[[ INFORMATION SHOWN, beginning ]]

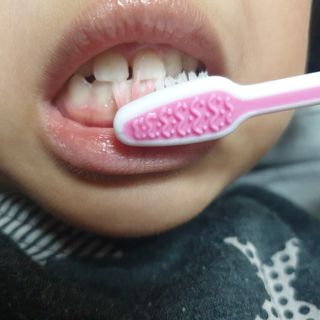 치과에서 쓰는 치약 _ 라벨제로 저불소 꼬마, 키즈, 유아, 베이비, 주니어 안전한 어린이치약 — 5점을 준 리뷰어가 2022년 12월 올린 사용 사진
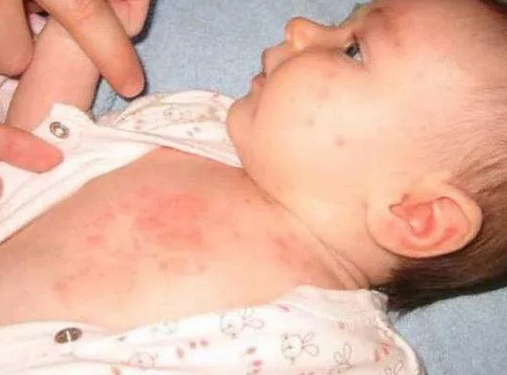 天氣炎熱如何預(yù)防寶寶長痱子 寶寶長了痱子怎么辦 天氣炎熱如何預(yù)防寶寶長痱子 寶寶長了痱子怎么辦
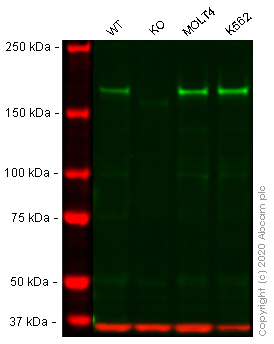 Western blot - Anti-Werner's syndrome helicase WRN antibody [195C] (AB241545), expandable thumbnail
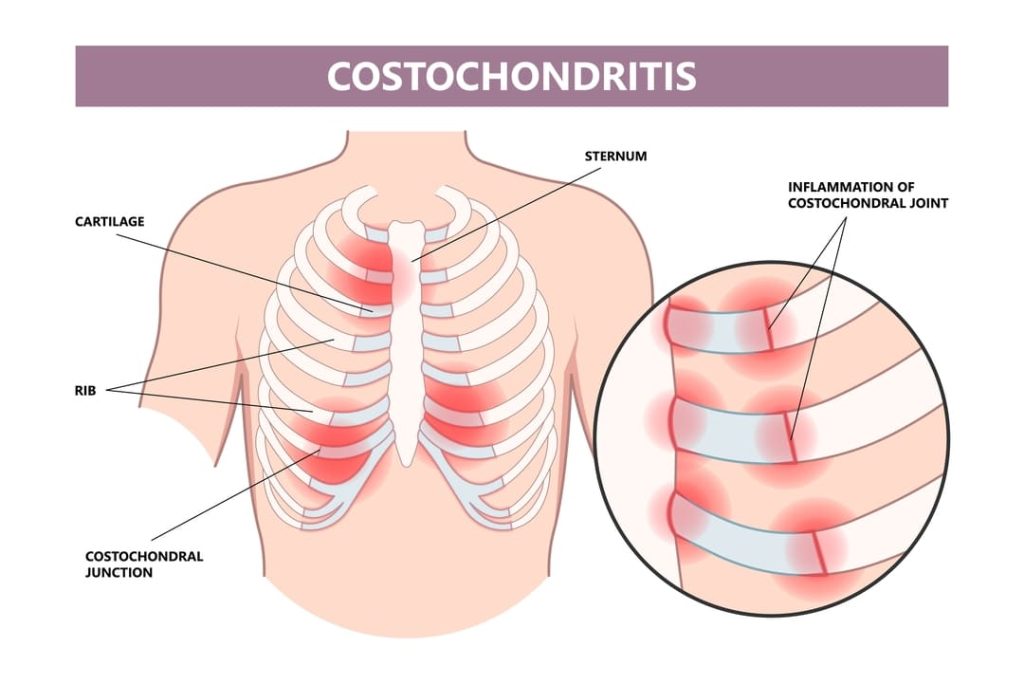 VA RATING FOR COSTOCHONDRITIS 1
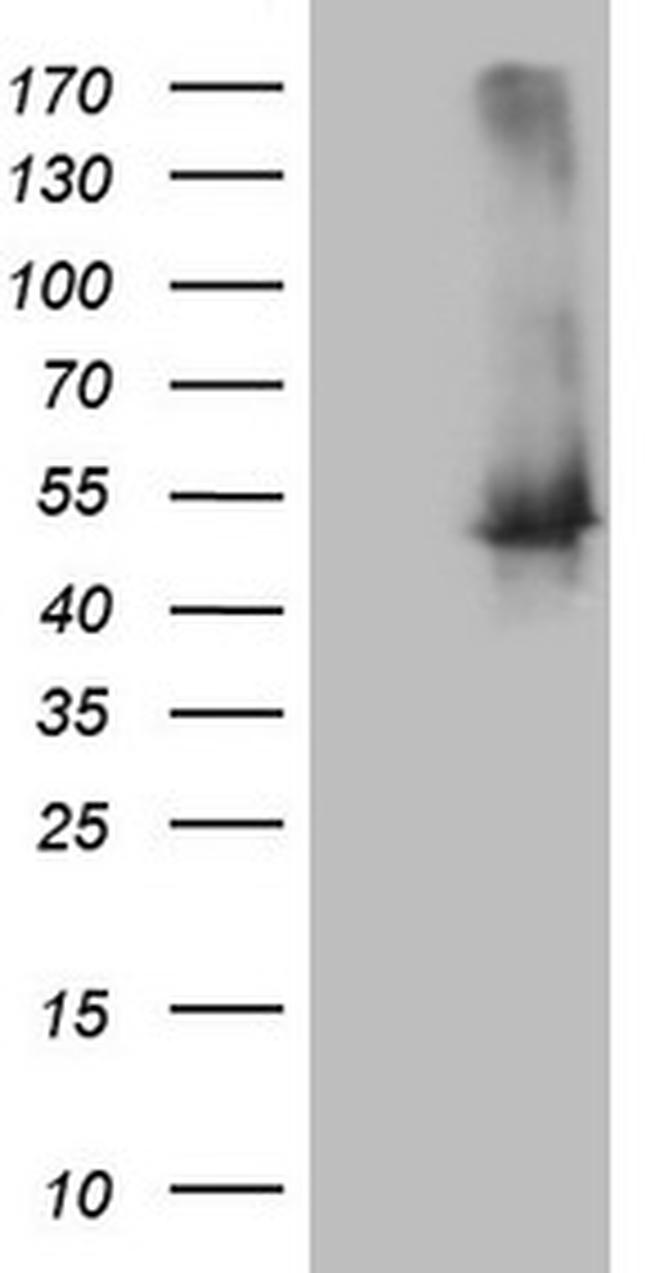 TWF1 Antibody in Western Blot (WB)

[[ INFORMATION SHOWN, end ]]
[[ INFORMATION SHOWN, beginning ]]

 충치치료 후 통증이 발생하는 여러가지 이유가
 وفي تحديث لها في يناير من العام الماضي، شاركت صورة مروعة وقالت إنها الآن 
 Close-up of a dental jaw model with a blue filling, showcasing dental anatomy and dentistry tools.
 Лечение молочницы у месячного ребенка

[[ INFORMATION SHOWN, end ]]
[[ INFORMATION SHOWN, beginning ]]

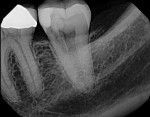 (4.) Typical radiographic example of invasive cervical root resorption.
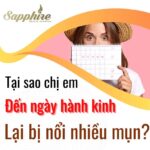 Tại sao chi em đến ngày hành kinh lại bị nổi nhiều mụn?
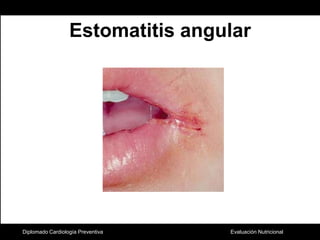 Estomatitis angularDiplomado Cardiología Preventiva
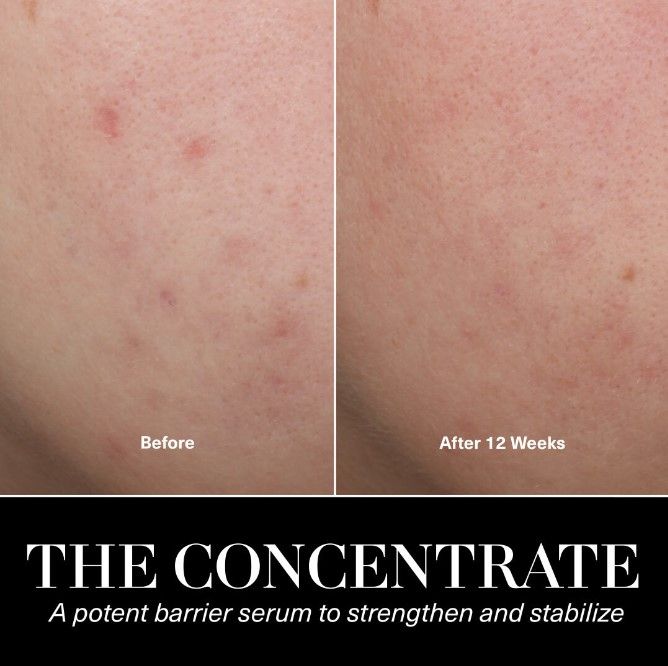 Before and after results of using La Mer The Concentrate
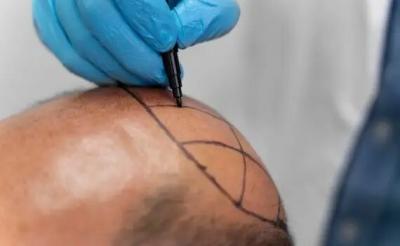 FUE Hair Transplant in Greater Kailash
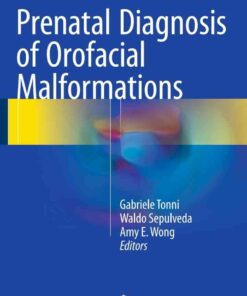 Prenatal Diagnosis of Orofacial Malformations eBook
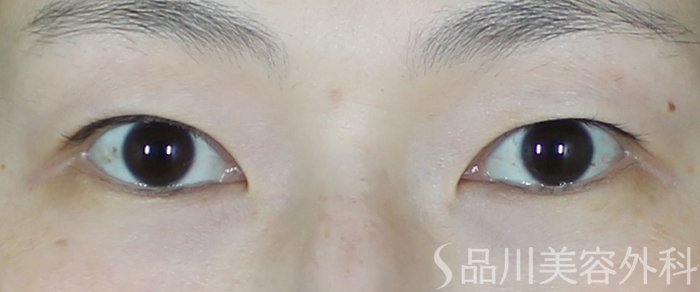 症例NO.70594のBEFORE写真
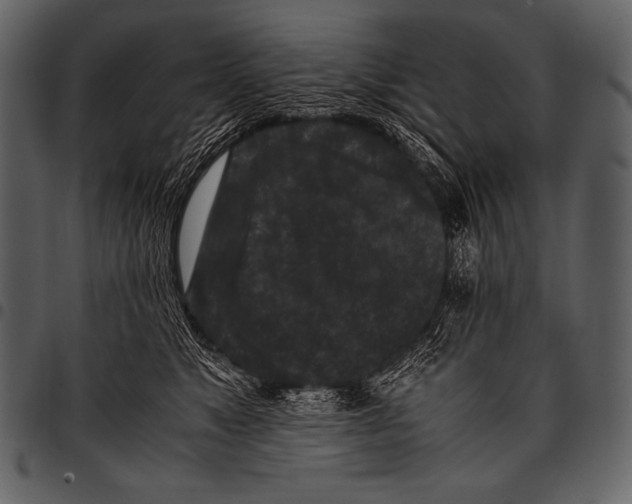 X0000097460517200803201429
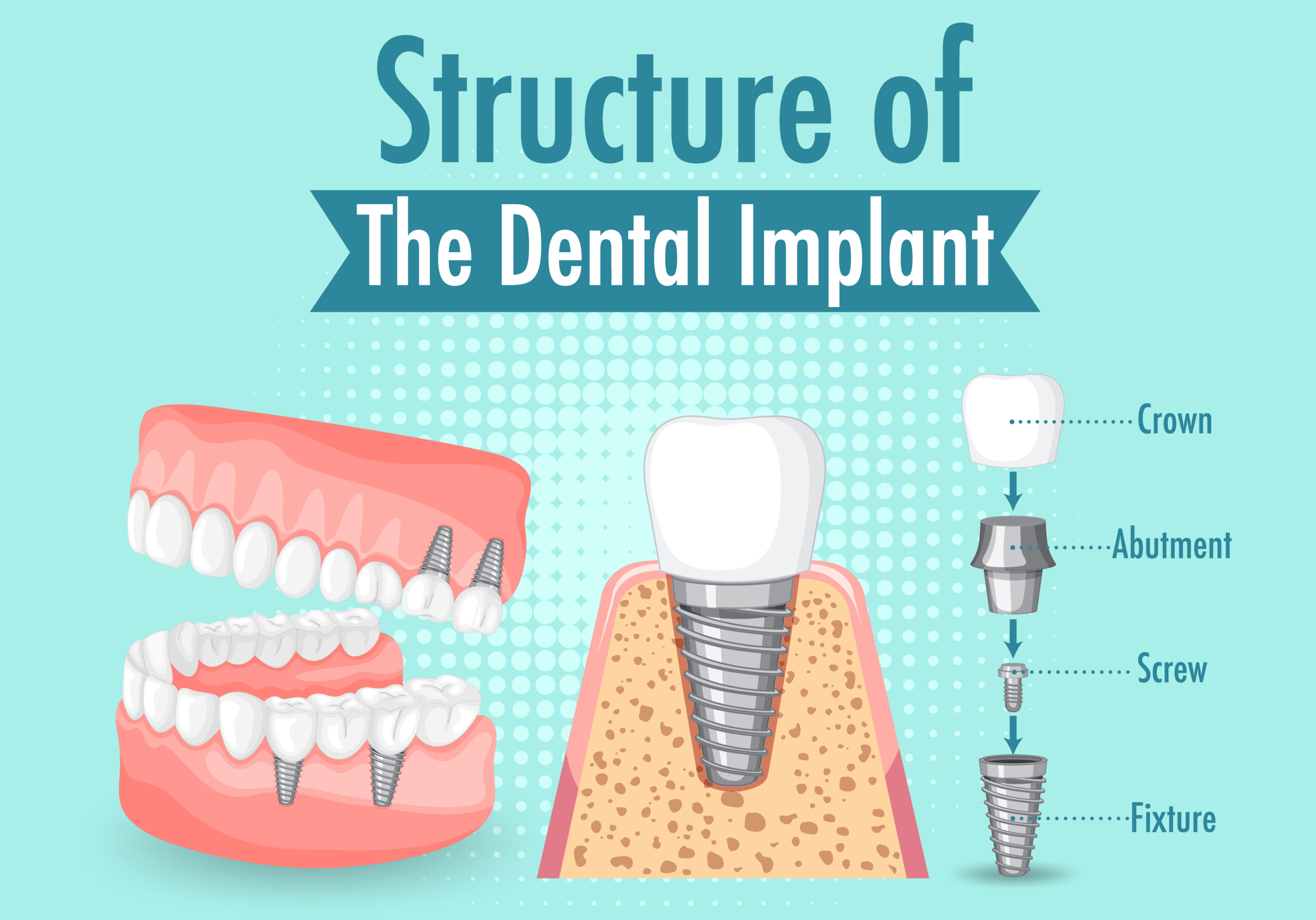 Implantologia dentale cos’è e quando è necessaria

[[ INFORMATION SHOWN, end ]]

> **PROBLEM STATEMENT**
Please repeat, exactly as written, the lines in the records above, starting with the one that has "치과에서 쓰는 치약 _" and going on through the one that has "TWF1 Antibody in Western Blot (WB)". Pictures are to be left out.

> **REPLY TO THE TASK**
 치과에서 쓰는 치약 _ 라벨제로 저불소 꼬마, 키즈, 유아, 베이비, 주니어 안전한 어린이치약 — 5점을 준 리뷰어가 2022년 12월 올린 사용 사진
 天氣炎熱如何預(yù)防寶寶長痱子 寶寶長了痱子怎么辦 天氣炎熱如何預(yù)防寶寶長痱子 寶寶長了痱子怎么辦
 Western blot - Anti-Werner's syndrome helicase WRN antibody [195C] (AB241545), expandable thumbnail
 VA RATING FOR COSTOCHONDRITIS 1
 TWF1 Antibody in Western Blot (WB)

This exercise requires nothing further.